Third Coast Review- Highly Recommended
"...A Shayna Maidel (Yiddish for a pretty girl) is skillfully directed by Vanessa Stalling, with careful attention to the present turmoils and wrenching memories of the main characters. Mordecai Weiss (Charles Stransky) and his 4-year-old daughter Rose left Poland before the Nazi takeover of Europe, leaving behind Mama and older sister Lusia. Mama, like most European Jews who were not able to leave, did not survive. The survivors and their relatives found it difficult to reunite."
The Hawk Chicago- Highly Recommended
"...Yet the play's overall themes and the cast's performances are ones which resonate long after leaving the theatre. You'll leave contemplating life's near-misses. You'll leave grappling with immigration policies, those that separate families, likes our characters', 'temporarily.' You'll leave hearing the echoes of your ancestors and questioning the significance of where, with whom, and with what resources one is raised. You'll leave asking yourself what's most important to you, what you would save and hold on to if the world around you ever crumbled. It's, as the best productions are, an experience with lasting effects."
Chicago Theater and Arts- Highly Recommended
"...The six member cast is stellar. But Emily Berman as Lusia steals the show exhibiting two different personalities as a happy newlywed before the war and a scarred and flawed survivor afterwards."

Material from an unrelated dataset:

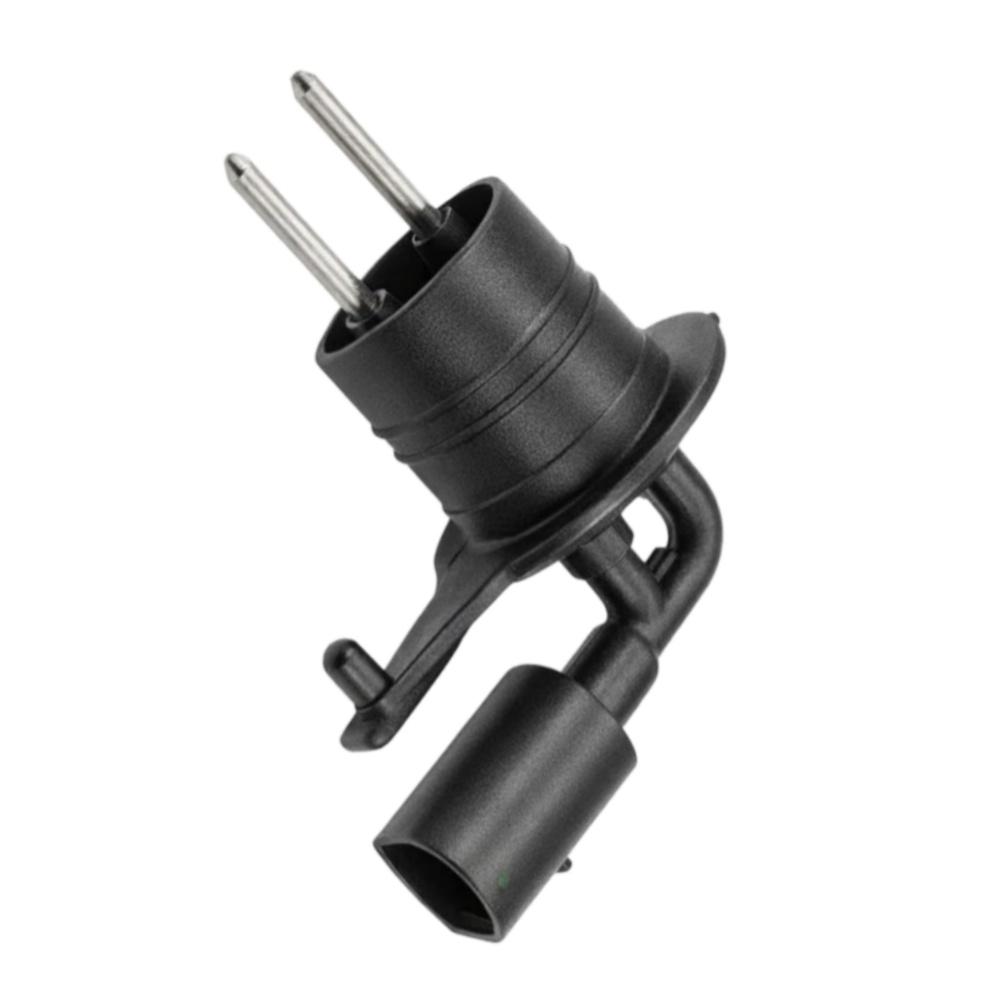 Windshield Fluid Sensor for Mercedes C250 C300 C350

Chicago On Stage- Highly Recommended
"...In an era when Nazis and white supremacists have gained influence in American culture and politics, when more than 20% of Millennials have no clue what the Holocaust was and a not insignificant number deny it ever happened, when we are adopting a hard-line policy on immigration that targets specific groups of people and even rips children from their mothers’ arms, it seems on the surface that the lessons learned from World War II have faded from the forefront of our joint understanding. How fitting, then, that Timeline Theatre has chosen to revive the 1984 drama A Shayna Maidel, which serves as a reminder both of the devastation that faced European Jews in the 30s and 40s and that these horrors did not happen to faceless people; they happened to families."
Picture This Post- Recommended
"...Despite the uneven storytelling, A SHAYNA MAIDEL delivers some deeply affecting moments. And anyone seeking a play in which sensitive women grapple with major issues will find substance in Rose and Lusia’s emerging relationship. Together, they make up for what their father has missed amid the bounty of America: taking two pieces of bread and relishing the sandwich of life."
NewCity Chicago- Recommended
"...While the script doesn’t fully come together, Stalling’s production is powerful and well worth seeing. This is absolutely the sort of work that we need to champion. Lebow’s heartfelt story is unique on Chicago stages and Stalling has guided her team to affecting, engaging and memorable success."